# [Work task]
Using "Womens" as the search string, find the matching lines below and copy them.

Records from a data collection:
============================================================

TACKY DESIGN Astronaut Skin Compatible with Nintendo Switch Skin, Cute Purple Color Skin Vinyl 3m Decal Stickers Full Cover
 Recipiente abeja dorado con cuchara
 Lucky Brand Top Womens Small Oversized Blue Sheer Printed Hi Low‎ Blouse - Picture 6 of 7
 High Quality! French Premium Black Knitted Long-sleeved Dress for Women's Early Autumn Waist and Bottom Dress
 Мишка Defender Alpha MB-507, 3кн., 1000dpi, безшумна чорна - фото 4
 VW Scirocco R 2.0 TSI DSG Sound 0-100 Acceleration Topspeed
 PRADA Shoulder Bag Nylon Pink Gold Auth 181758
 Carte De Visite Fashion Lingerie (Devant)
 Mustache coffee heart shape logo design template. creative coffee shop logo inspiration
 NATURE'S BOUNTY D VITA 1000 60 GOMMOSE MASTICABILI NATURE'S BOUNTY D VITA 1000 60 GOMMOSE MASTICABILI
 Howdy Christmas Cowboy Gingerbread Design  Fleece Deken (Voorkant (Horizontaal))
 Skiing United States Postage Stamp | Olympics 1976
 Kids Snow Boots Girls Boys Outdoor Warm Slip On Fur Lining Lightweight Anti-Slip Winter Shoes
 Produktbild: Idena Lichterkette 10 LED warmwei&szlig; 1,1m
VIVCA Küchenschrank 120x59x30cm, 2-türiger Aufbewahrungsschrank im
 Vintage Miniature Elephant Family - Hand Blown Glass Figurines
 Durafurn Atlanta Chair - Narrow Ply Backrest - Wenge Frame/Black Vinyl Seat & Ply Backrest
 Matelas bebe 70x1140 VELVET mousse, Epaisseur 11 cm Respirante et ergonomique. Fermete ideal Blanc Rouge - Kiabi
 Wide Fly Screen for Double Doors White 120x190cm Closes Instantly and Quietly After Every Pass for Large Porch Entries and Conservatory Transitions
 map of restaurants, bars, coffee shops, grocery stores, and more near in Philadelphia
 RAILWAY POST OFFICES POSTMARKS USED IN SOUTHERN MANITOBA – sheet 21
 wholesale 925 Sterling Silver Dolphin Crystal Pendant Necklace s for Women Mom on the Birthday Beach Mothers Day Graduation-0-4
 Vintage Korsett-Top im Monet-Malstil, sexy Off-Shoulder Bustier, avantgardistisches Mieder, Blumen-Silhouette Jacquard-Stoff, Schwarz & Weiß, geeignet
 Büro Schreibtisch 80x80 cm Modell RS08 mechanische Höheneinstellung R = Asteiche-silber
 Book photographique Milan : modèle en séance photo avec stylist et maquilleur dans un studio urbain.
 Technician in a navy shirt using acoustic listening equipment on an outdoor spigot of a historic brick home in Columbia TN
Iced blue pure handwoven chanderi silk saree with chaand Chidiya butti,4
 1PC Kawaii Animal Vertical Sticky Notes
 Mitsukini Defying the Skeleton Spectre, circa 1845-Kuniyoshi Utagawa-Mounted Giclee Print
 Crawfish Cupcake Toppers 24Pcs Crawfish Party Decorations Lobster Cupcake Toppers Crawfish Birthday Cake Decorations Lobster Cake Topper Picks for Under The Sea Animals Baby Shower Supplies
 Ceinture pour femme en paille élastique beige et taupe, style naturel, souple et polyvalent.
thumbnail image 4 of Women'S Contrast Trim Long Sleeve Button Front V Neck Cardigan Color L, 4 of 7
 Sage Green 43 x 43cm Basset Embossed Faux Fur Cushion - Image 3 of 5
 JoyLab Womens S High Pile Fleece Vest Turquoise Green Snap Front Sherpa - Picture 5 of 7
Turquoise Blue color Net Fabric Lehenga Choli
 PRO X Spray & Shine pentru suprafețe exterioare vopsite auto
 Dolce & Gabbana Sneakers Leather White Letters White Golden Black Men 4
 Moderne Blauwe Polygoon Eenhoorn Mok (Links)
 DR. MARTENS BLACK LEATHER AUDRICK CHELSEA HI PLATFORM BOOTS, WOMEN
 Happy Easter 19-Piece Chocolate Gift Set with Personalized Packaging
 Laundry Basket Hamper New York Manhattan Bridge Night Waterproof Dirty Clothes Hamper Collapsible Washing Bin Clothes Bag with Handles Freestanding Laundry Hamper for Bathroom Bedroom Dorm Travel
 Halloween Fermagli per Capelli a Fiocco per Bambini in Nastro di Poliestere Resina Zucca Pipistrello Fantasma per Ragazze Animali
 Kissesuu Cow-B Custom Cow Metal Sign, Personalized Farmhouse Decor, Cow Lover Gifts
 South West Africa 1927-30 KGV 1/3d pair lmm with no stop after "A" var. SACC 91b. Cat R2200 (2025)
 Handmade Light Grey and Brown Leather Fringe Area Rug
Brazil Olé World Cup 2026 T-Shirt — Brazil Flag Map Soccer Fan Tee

============================================================

# [Answer section]
 Lucky Brand Top Womens Small Oversized Blue Sheer Printed Hi Low‎ Blouse - Picture 6 of 7
 JoyLab Womens S High Pile Fleece Vest Turquoise Green Snap Front Sherpa - Picture 5 of 7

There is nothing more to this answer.